▶ [Exercise objective]:
Please copy the records below word for word, leaving out the pictures.

--- START ---

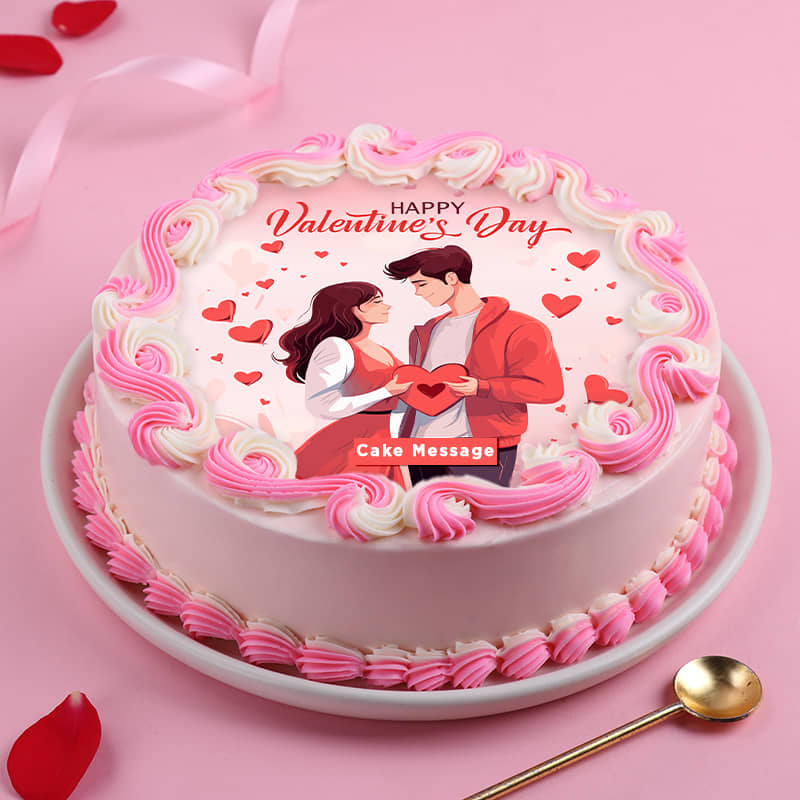 Valentine Customised Poster Cake Valentine Customised Poster Cake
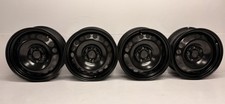 Vw Caddy/Touran/Golf 6.J x 16” Black Steel Wheel Set x4 Genuine *Delivery Miles*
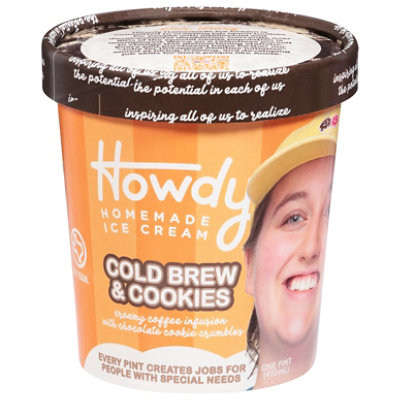 Howdy Wholesale Ice Cream Cold Brew  And Cookies - 16 OZ - Image 3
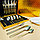 Набор столовых предметов Изысканный вкус из нержавеющей стали с напылением на 6 персон в подарочном кейсе (24, фото 5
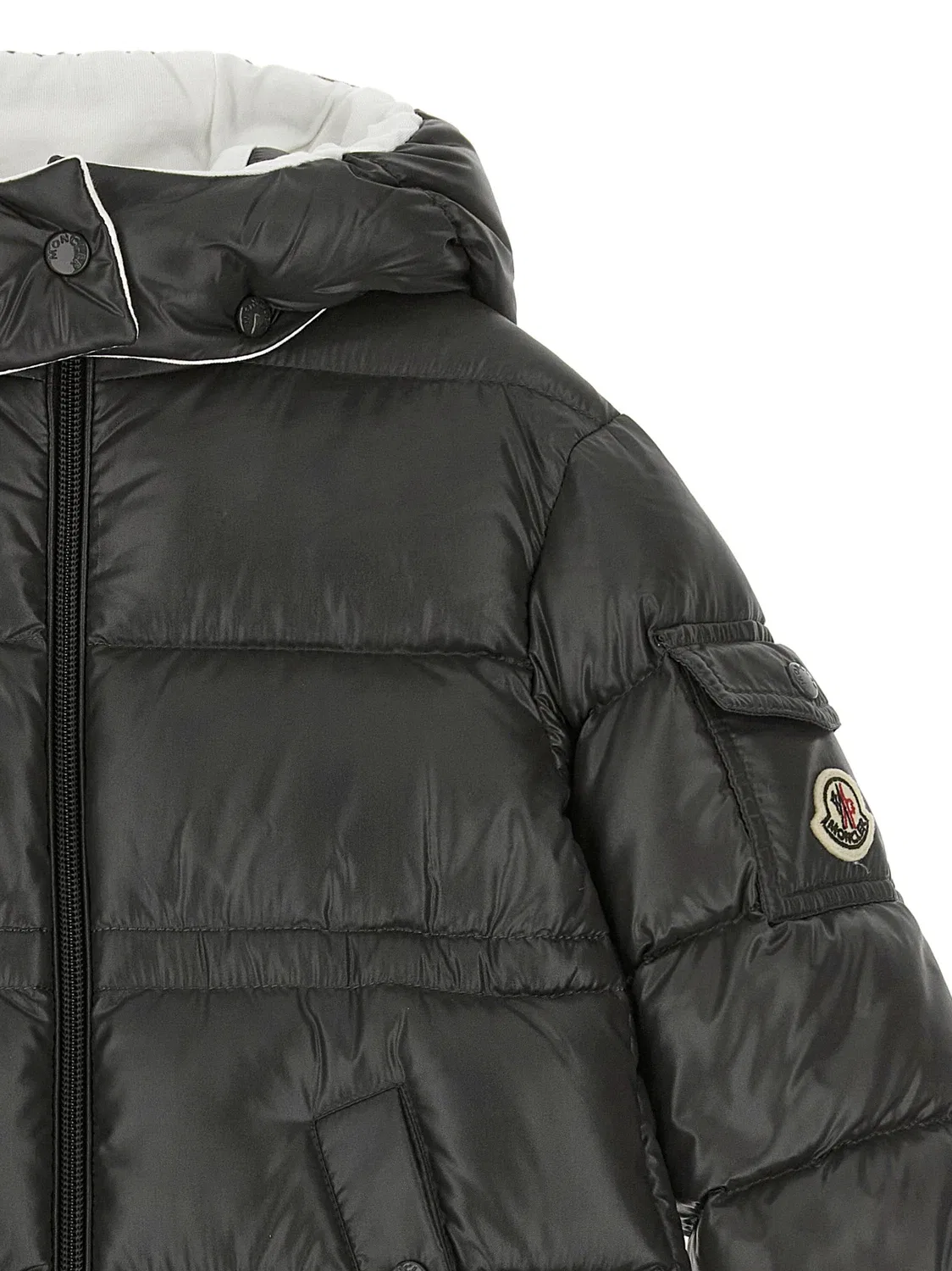 Пуховик Maire Moncler Enfant, черный — фото 4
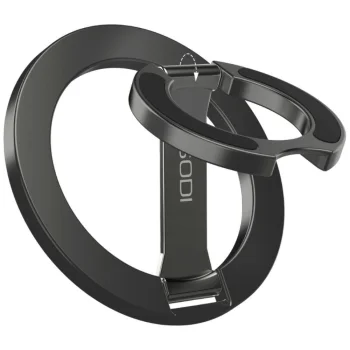 Double-Sided Magnetic Ring Stand Phone Holder SODI ST04 with MagSafe, Black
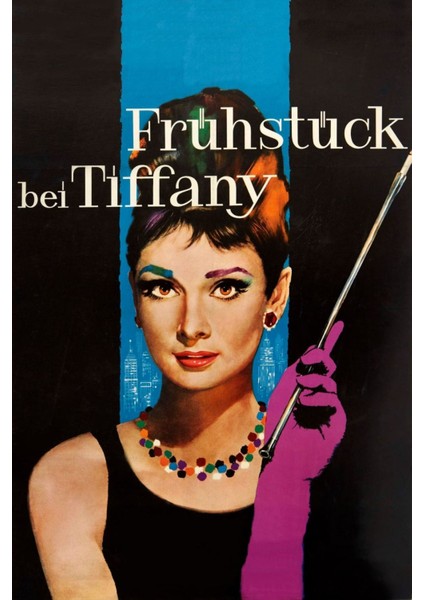 Breakfast At Tiffany's (1961) ( Folyo ) - Afiş - POSTER-1897 ( 70 cm x 100 cm )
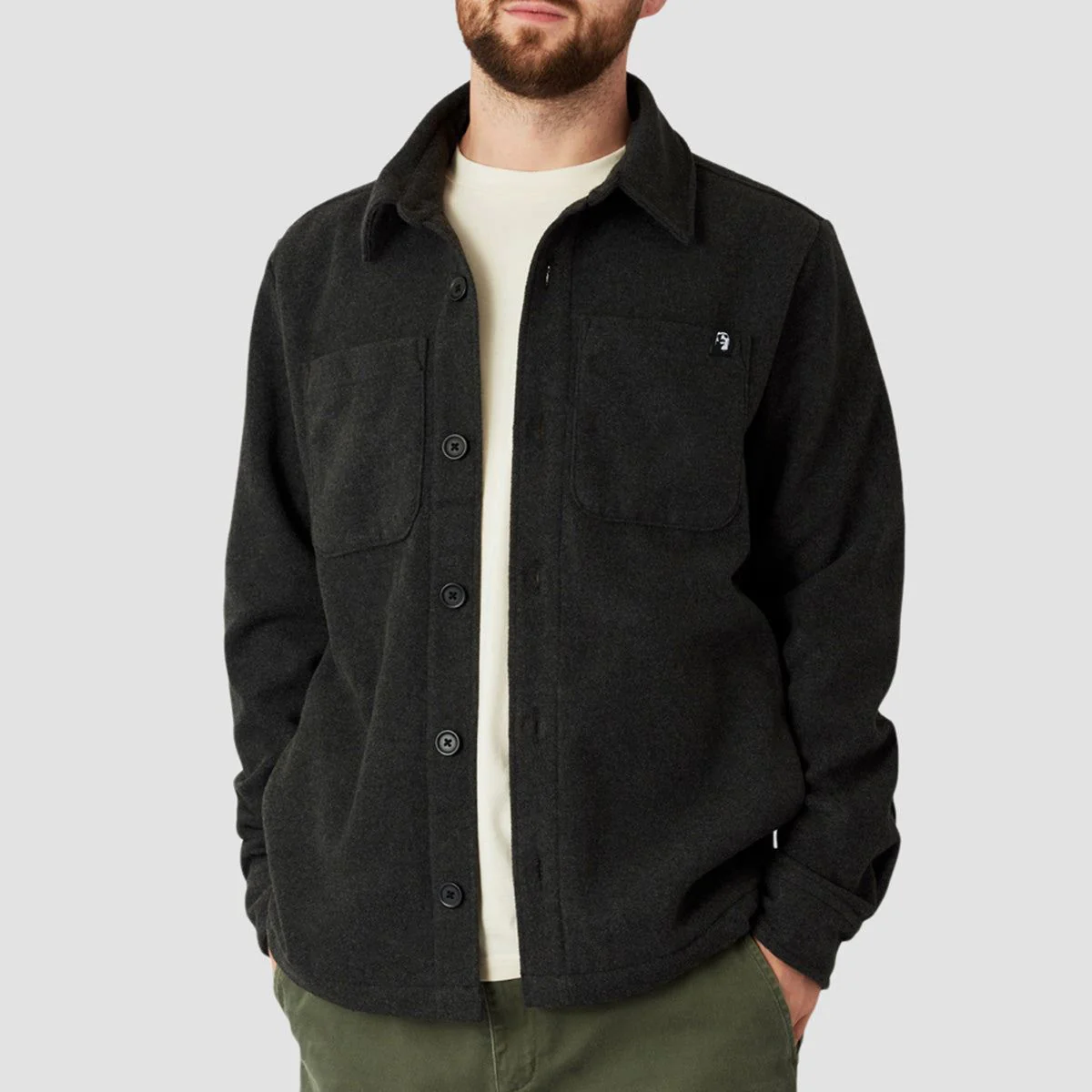Heathen Sonacy Shirt Jacket Dark Sky Grey - Image 7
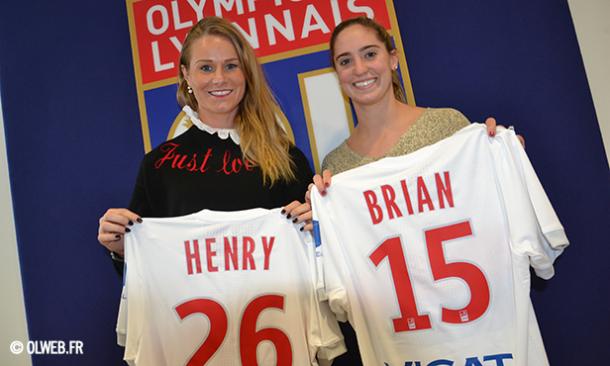 Both Brian and Henry will look to bolster OL's campaign this season | Source: olweb.fr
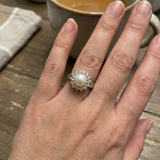 Bague LUANA | Perle Blanche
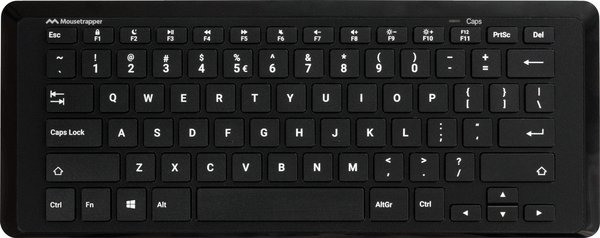 MOUSETRAPPER Type Mini Wireless Keyboard, Black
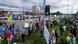 USA Anchorage 2025 | Pro-ukrainische Demonstration vor dem Treffen von Donald Trump und Wladimir Putin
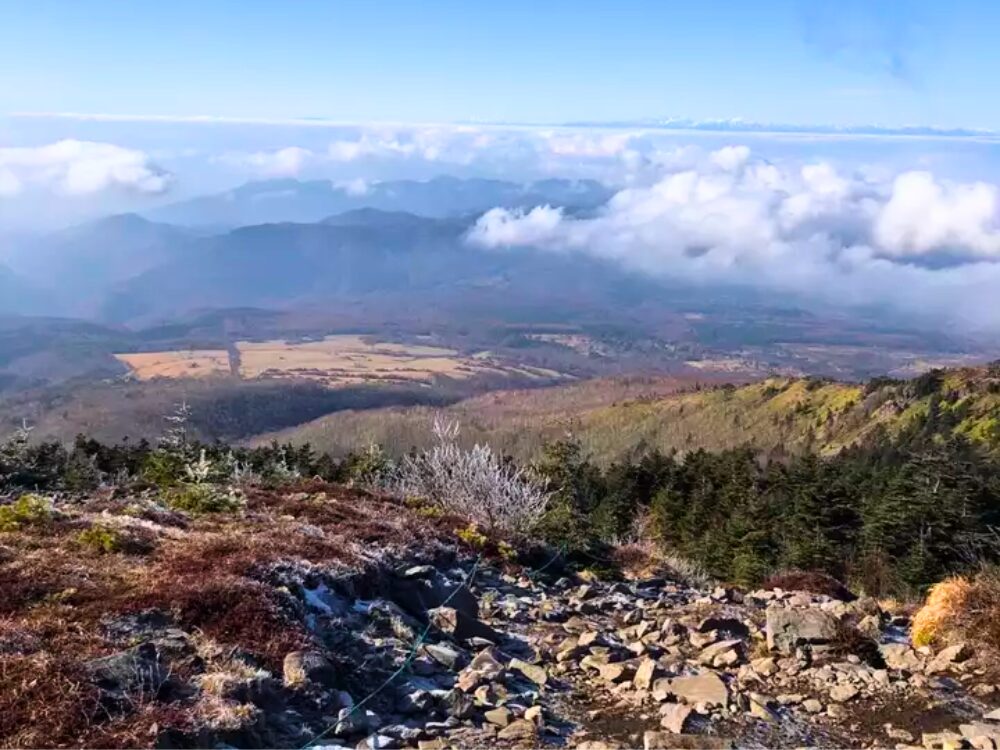 下山路からの景色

--- END ---

▶ [Exercise solution]:
 Valentine Customised Poster Cake Valentine Customised Poster Cake
 Vw Caddy/Touran/Golf 6.J x 16” Black Steel Wheel Set x4 Genuine *Delivery Miles*
 Howdy Wholesale Ice Cream Cold Brew  And Cookies - 16 OZ - Image 3
 Набор столовых предметов Изысканный вкус из нержавеющей стали с напылением на 6 персон в подарочном кейсе (24, фото 5
 Пуховик Maire Moncler Enfant, черный — фото 4
 Double-Sided Magnetic Ring Stand Phone Holder SODI ST04 with MagSafe, Black
 Breakfast At Tiffany's (1961) ( Folyo ) - Afiş - POSTER-1897 ( 70 cm x 100 cm )
Heathen Sonacy Shirt Jacket Dark Sky Grey - Image 7
 Both Brian and Henry will look to bolster OL's campaign this season | Source: olweb.fr
 Bague LUANA | Perle Blanche
 MOUSETRAPPER Type Mini Wireless Keyboard, Black
 USA Anchorage 2025 | Pro-ukrainische Demonstration vor dem Treffen von Donald Trump und Wladimir Putin
 下山路からの景色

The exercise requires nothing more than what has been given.